Bozkurt’un karakterinde biat etmek yoktur. Sürü psikolojisi yoktur. Biat eden koyundur. Bizler de koyun değiliz beyler!
 
Bize yeni parti kurmak dışında bir yol bırakmadınız. Çünkü bizler Türk düşmanlarıyla ittifak yapan bir siyasi oluşumun içinde olamayız. İdeolojimiz partimizden önce gelir. Bizler önce Türk Milliyetçisiyiz
 
Siz ise Türk Milliyetçisi değil liderci ve particisiniz. Siyasi ikbaliniz için Türkeş’in mirasından, Parlamenter sistemden vazgeçtiniz.
 
Türkeş, mezarından kalksa yakanıza yapışacağını çok iyi biliyorsunuz. Buna rağmen mezarını utanmadan sıkılmadan ziyarete kapattırıyorsunuz.
 
Asıl sizlerin Türkeş’in mezarından uzak durması gerekiyor. Uğruna işkence gördüğü, çile çektiği partisini tanınmayacak hale getirdiniz.
 
Hiç mi vicdanınız sızlamıyor?
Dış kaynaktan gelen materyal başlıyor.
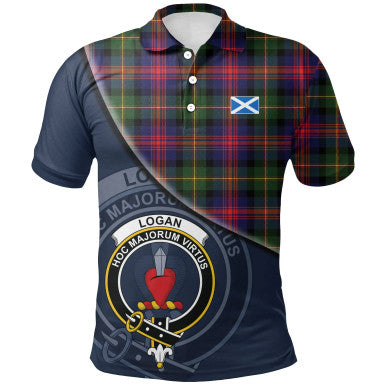 Scottish Logan Modern Clan Crest Tartan Polo Shirt - Bend Style Front Side Tartan Plaid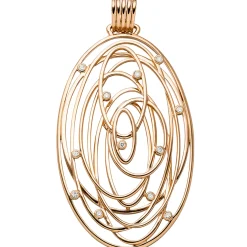 Anhänger 32,9x55,1mm mit 12 Diamanten 0.14Ct Netz aus Faden 585 Rotgold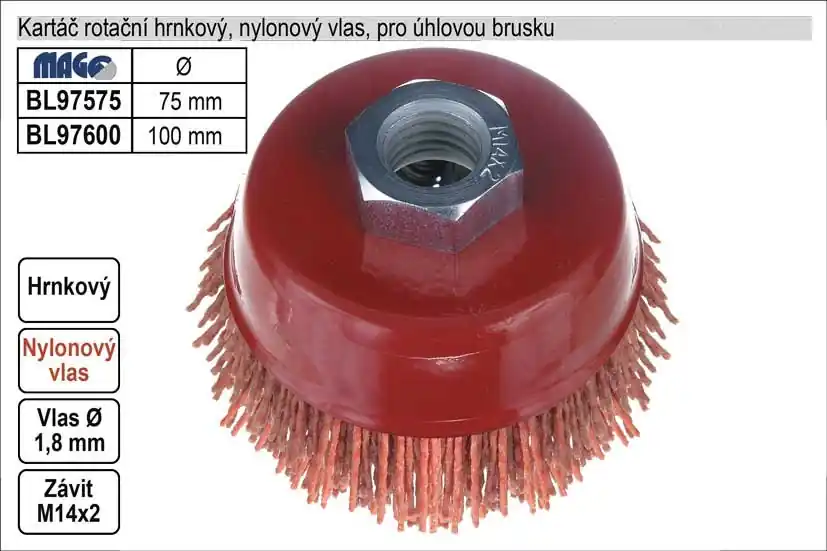 Velmi oblíbený produkt - Kartáč rotační hrnkový nylonový pro úhlovou brusku 75mm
Hiç mi ‘’Bizim niye Cumhurbaşkanı adayımız yok? Biz nasıl bu kadar pasif olduk’’ diye utanmıyorsunuz?
 
Bizler sizin yerinize de utanıyoruz. Vicdan azabı duyuyoruz. Keşke gerçek yüzünüzü daha önce görüp Türkeş’in mirasına sahip çıkabilseydik ama olmadı.
 
Ancak hiçbir şey bitmedi. Bizler Türk Milliyetçileri olarak dün nerede duruyorsak bugün de aynı yerde durup mücadelemize İYİ insanlarla devam ediyoruz.
 
Türk Milletini ve Türk Milliyetçiliğini ne kızıl Komünistlere, ne yeşil Komünist İslamcılara ne de Türk düşmanlarıyla ittifak yapan işbirlikçilere ezdirmeyiz.